Year of Publication: Oct - 2015
Page Numbers: 23-27
Authors: Kyusoo Chong, Hongki Sung
Conference Name: The International Conference on Semantic Web Business and Innovation (SWBI2015)
- Switzerland


In reflection of road expansion and increasing use rates, interest has increased in securing road safety. In addition, as natural disasters and calamities in cities are occurring more frequently than before, the necessity of systems and technologies to predict traffic information for safety is also emphasized. Accordingly, this study aims to investigate the technology of road safety prediction based on road big data. This study examines actual cases of road management systems and road safety analysis technologies, Korea and other countries. The types and usability of road information collected through a road management system are analyzed. Based on the result, the limitations of existing technologies and road management systems are analyzed. A number of related technologies and road management systems were examined using based on basic physical information such as distance, speed, etc. and past event information, and they do not reflect various specific factors and real-time data.
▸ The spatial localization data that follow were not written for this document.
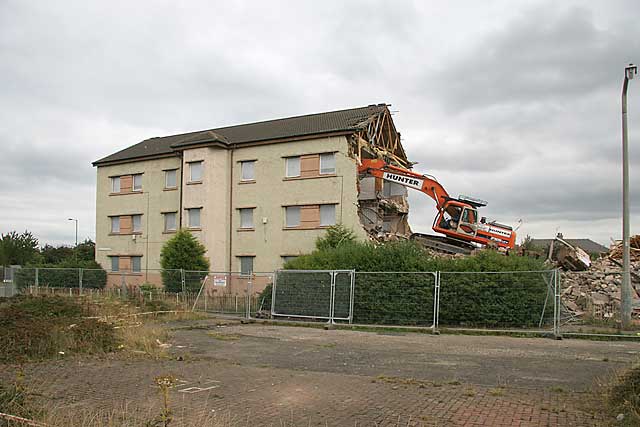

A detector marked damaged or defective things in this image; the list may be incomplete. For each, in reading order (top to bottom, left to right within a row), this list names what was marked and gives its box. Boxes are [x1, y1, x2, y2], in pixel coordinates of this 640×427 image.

pile of broken bricks [564, 237, 636, 320] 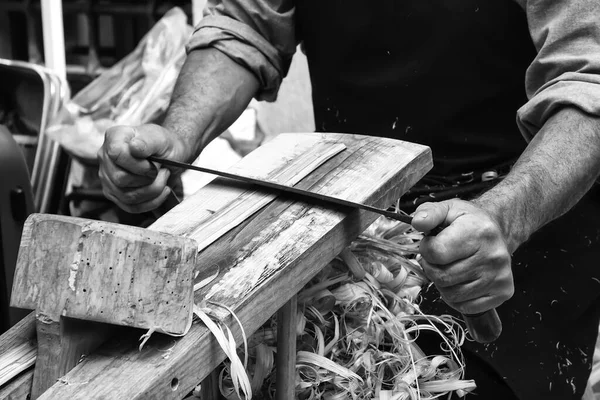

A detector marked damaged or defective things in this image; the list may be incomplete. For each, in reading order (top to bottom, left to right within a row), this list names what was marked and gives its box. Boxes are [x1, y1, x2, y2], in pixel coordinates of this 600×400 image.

splintered wood [0, 133, 432, 398] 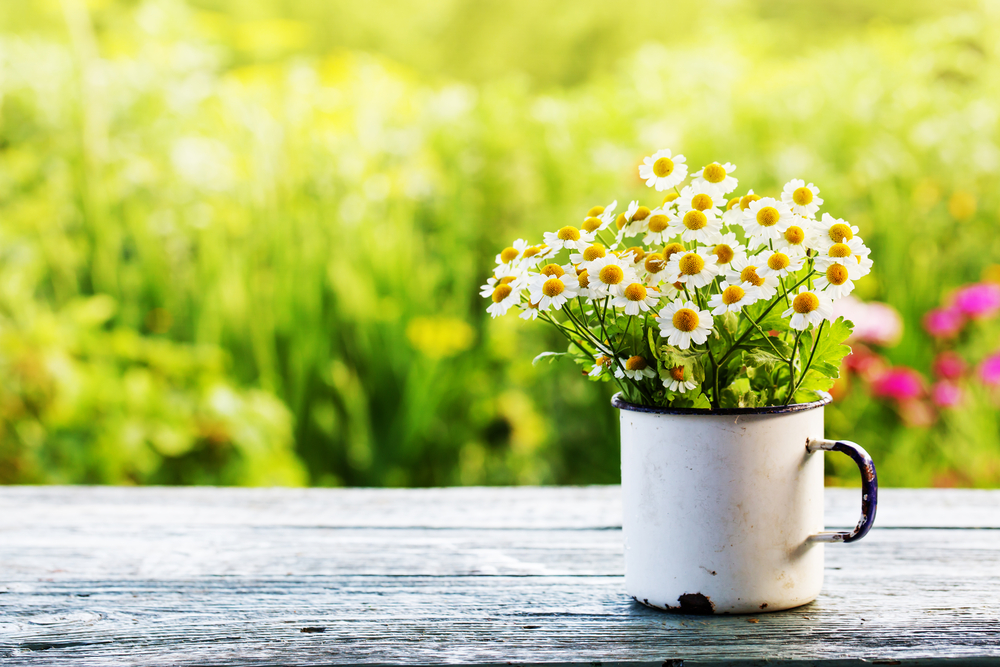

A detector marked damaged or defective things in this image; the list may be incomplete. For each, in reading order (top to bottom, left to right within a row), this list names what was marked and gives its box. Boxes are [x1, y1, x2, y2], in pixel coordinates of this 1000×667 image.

chipped enamel rim [608, 388, 836, 414] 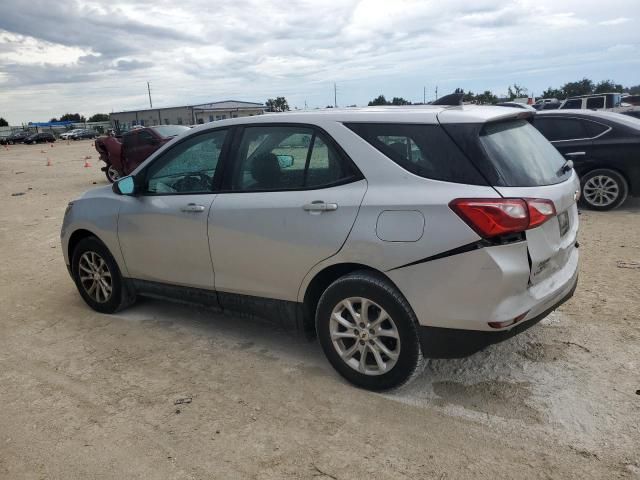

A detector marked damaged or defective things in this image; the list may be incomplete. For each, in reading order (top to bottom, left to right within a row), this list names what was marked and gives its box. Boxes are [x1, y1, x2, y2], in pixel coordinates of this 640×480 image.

red damaged car [95, 124, 189, 182] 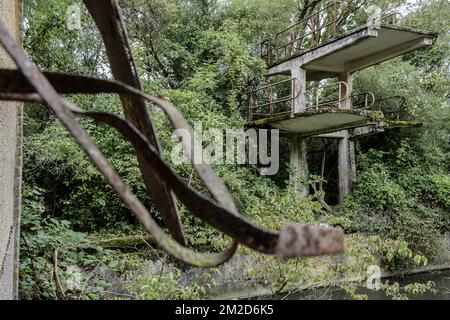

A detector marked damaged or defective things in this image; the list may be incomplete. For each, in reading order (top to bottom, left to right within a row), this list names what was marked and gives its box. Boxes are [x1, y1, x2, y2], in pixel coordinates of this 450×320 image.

rusted metal wire [0, 0, 344, 266]
corroded metal [0, 0, 344, 266] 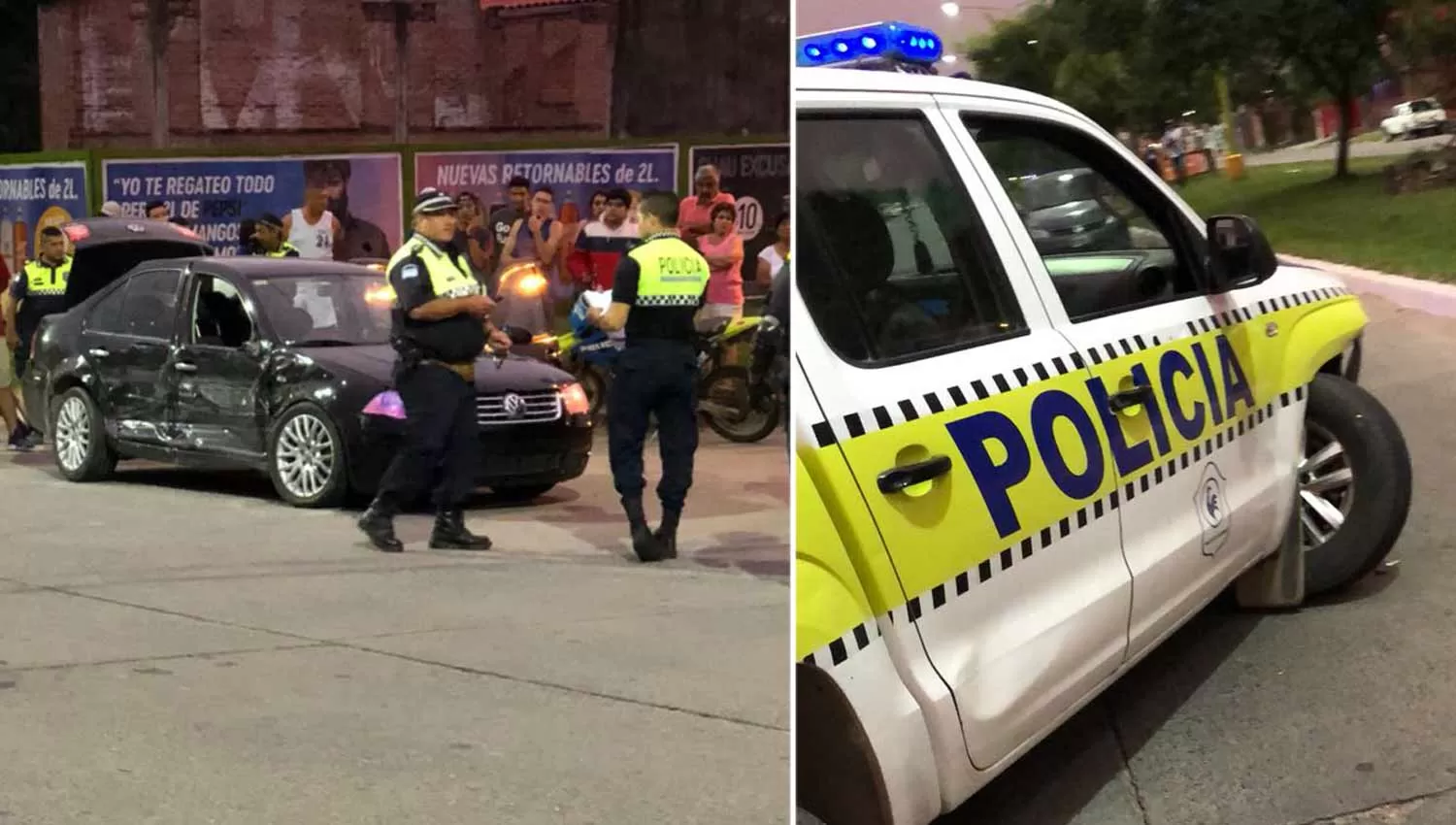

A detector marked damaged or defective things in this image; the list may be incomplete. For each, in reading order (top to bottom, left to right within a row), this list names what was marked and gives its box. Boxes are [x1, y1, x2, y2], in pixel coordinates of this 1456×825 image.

damaged black sedan [24, 245, 594, 505] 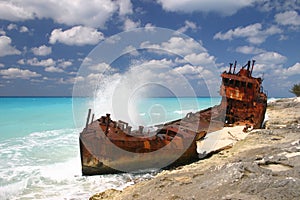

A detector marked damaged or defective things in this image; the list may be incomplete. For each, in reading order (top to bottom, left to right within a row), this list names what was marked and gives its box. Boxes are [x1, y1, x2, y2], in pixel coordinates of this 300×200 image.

rusty ship hull [79, 60, 268, 175] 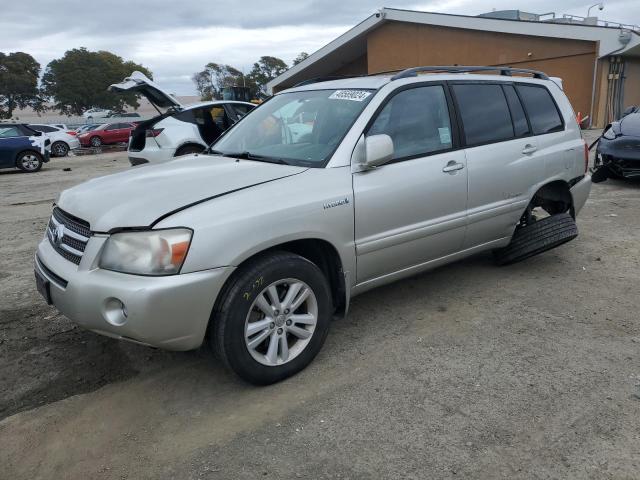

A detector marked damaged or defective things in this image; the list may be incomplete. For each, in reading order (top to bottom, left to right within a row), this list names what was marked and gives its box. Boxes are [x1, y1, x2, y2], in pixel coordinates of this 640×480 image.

crumpled hood [57, 156, 308, 231]
damaged white van [33, 67, 592, 384]
damaged rear wheel [492, 214, 576, 266] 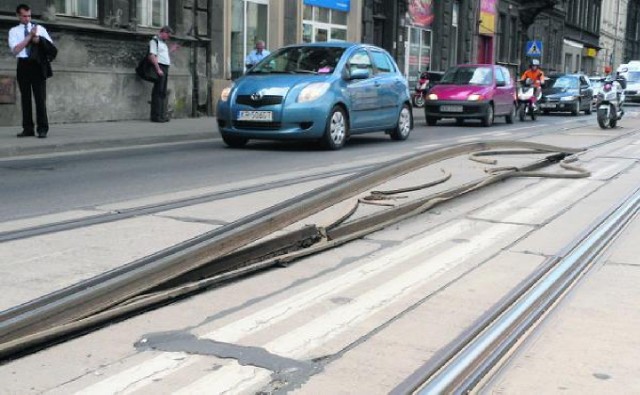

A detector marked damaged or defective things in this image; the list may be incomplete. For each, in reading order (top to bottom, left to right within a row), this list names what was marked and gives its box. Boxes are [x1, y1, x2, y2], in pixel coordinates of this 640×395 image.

rusty metal rail [0, 142, 584, 362] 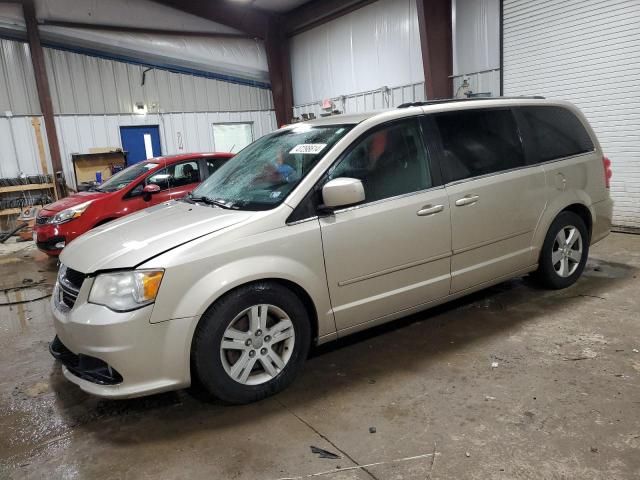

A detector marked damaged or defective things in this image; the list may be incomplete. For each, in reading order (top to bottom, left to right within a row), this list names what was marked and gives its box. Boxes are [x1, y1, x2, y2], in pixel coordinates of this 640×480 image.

cracked windshield [188, 123, 352, 209] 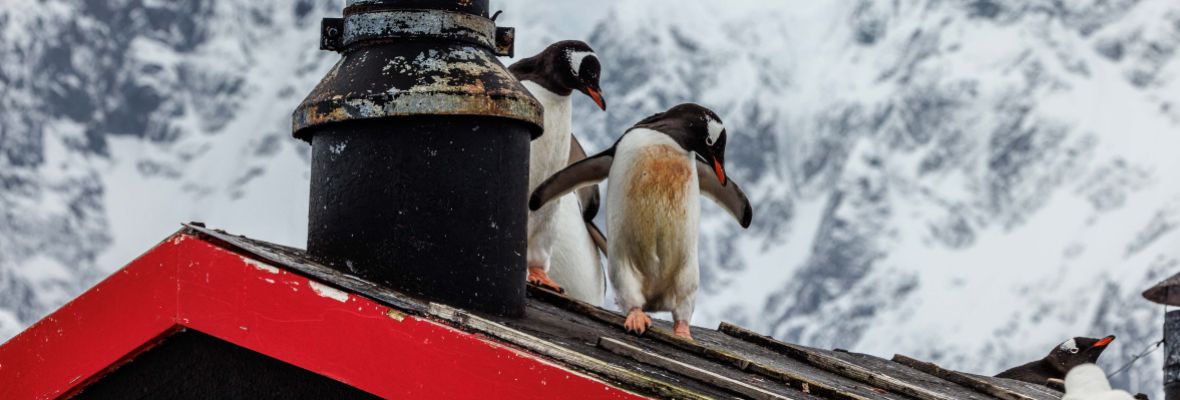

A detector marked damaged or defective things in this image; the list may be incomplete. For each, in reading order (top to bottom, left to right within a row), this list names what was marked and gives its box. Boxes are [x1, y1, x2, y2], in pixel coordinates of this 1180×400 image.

rusty chimney cap [292, 0, 540, 141]
rusty chimney cap [1146, 272, 1180, 306] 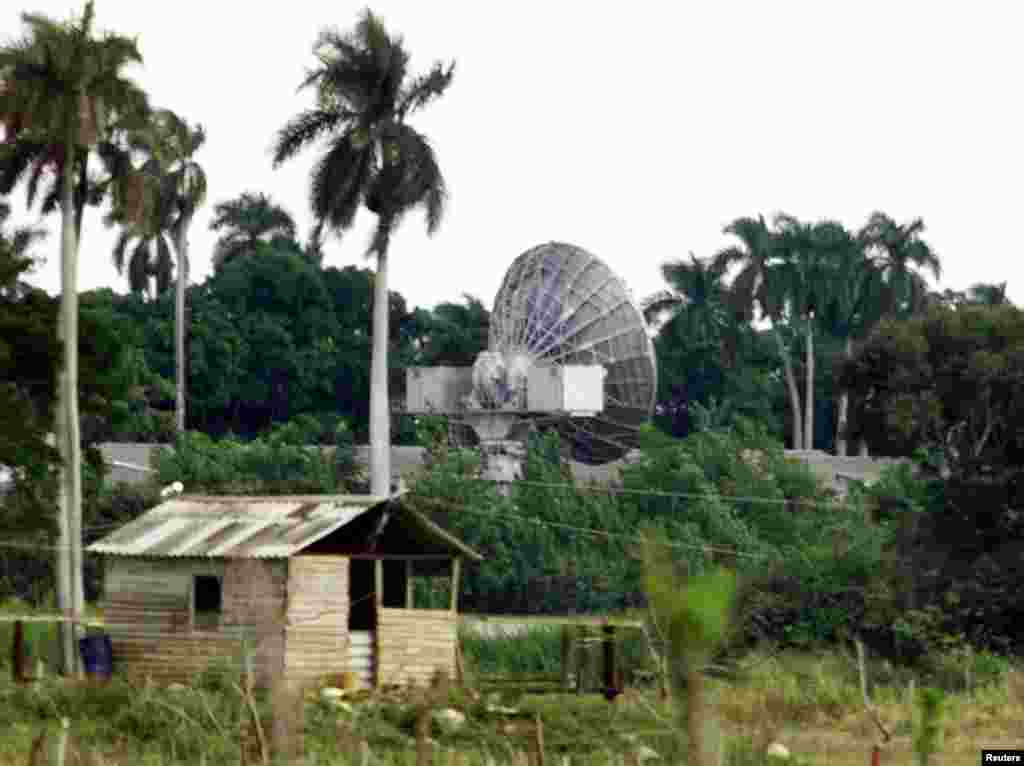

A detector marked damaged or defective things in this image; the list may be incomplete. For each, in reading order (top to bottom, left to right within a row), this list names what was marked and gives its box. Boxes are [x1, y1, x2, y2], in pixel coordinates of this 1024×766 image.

rusty metal roof [86, 493, 389, 561] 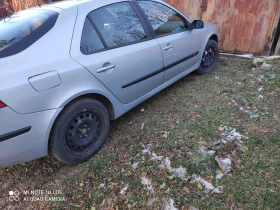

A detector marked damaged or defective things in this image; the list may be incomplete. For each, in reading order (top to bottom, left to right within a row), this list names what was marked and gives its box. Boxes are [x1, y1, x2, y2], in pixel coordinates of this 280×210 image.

rusty metal [164, 0, 280, 54] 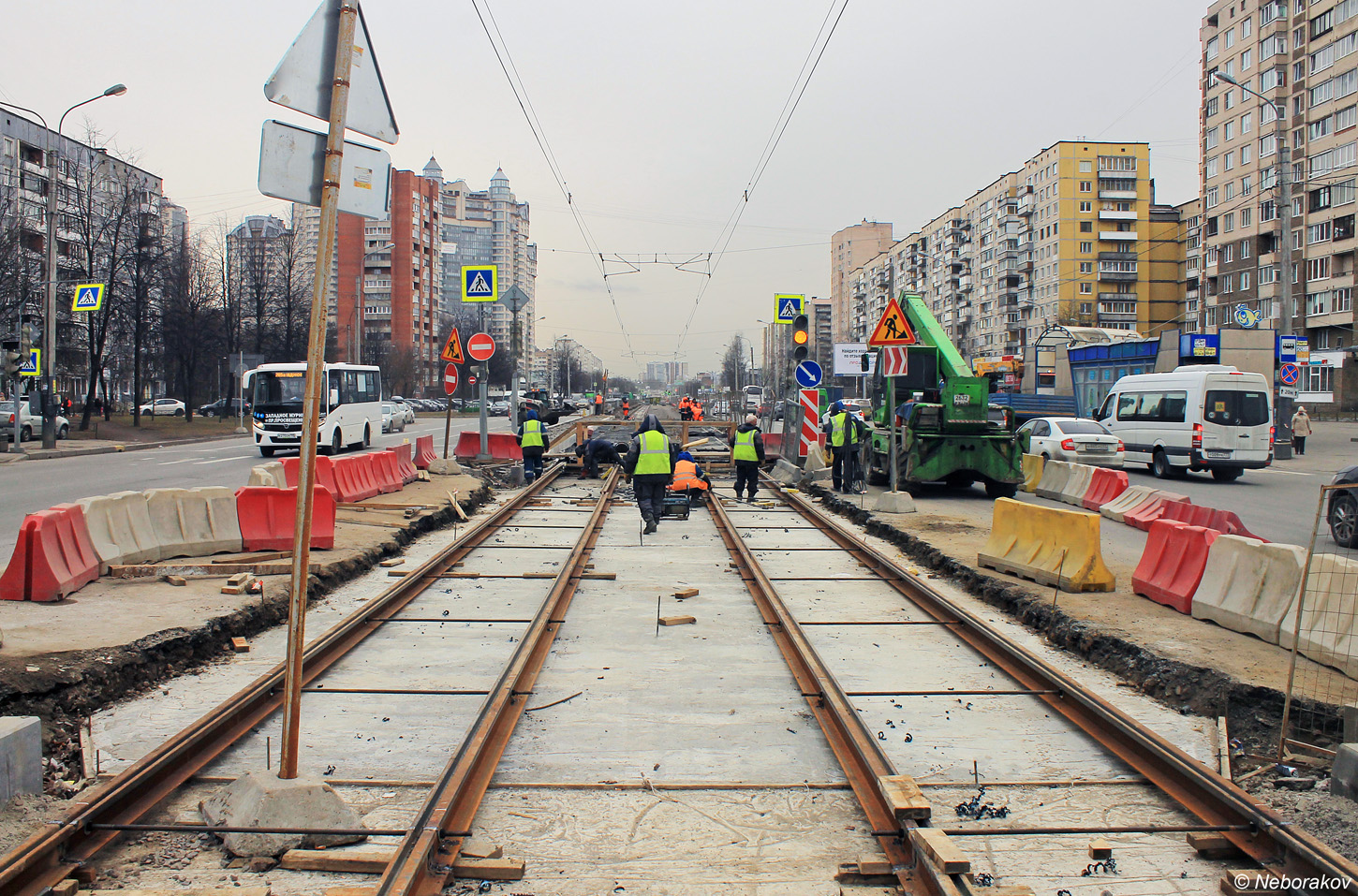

Accordingly, it is necessary to develop technology for road/traffic information service that utilizes various real-time data sets such as traffic information, climate information, and road condition information as well as analyzes multiple data sets comprehensively. In This study, the utilization of real-time data derived from Korea road management system were investigated and a direction for road safety analysis and traffic information service is also suggested. It will be possible to develop more reliable road safety analysis and management systems and technologies using road data derived from various type of Korea road management systems.